BEGIN
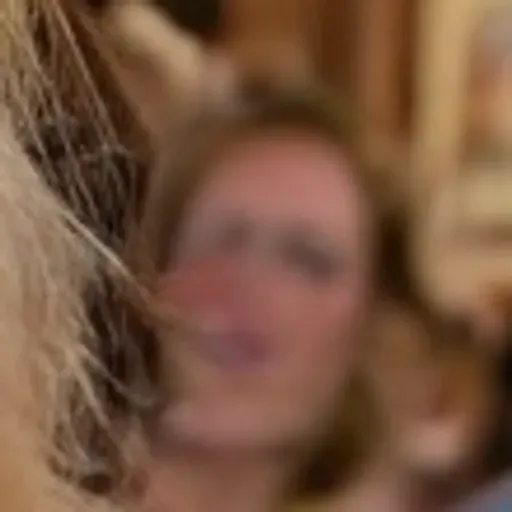 генератор порно-картинок на ИИ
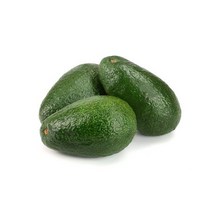 최상급 아보카도 대과 220g, 12개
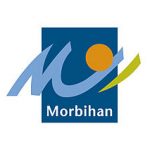 conseil_general_morbihan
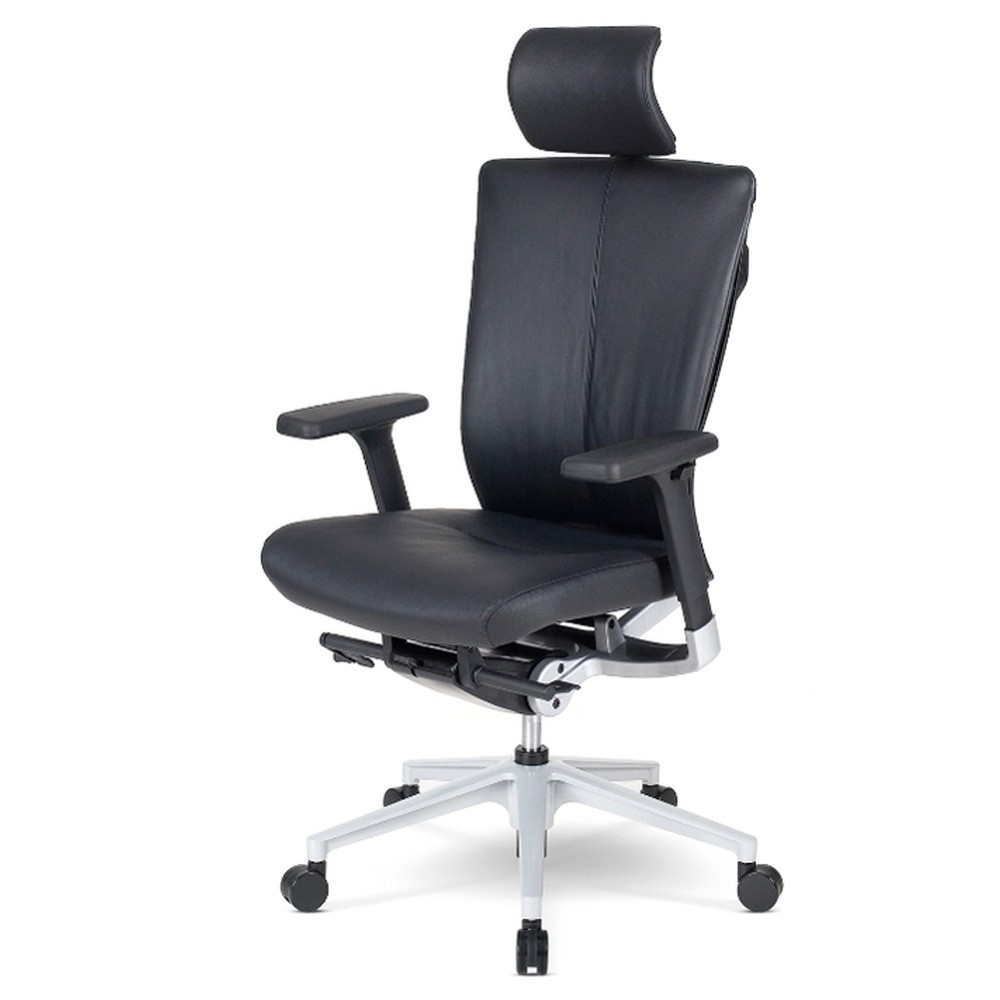 Acheter Fauteuil de Bureau pas cher. - Astra - Dakar, Sénégal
END
◆ Work instructions
Every line above is to be written out unchanged, with the pictures omitted.

◆ Exercise answer
 генератор порно-картинок на ИИ
 최상급 아보카도 대과 220g, 12개
 conseil_general_morbihan
 Acheter Fauteuil de Bureau pas cher. - Astra - Dakar, Sénégal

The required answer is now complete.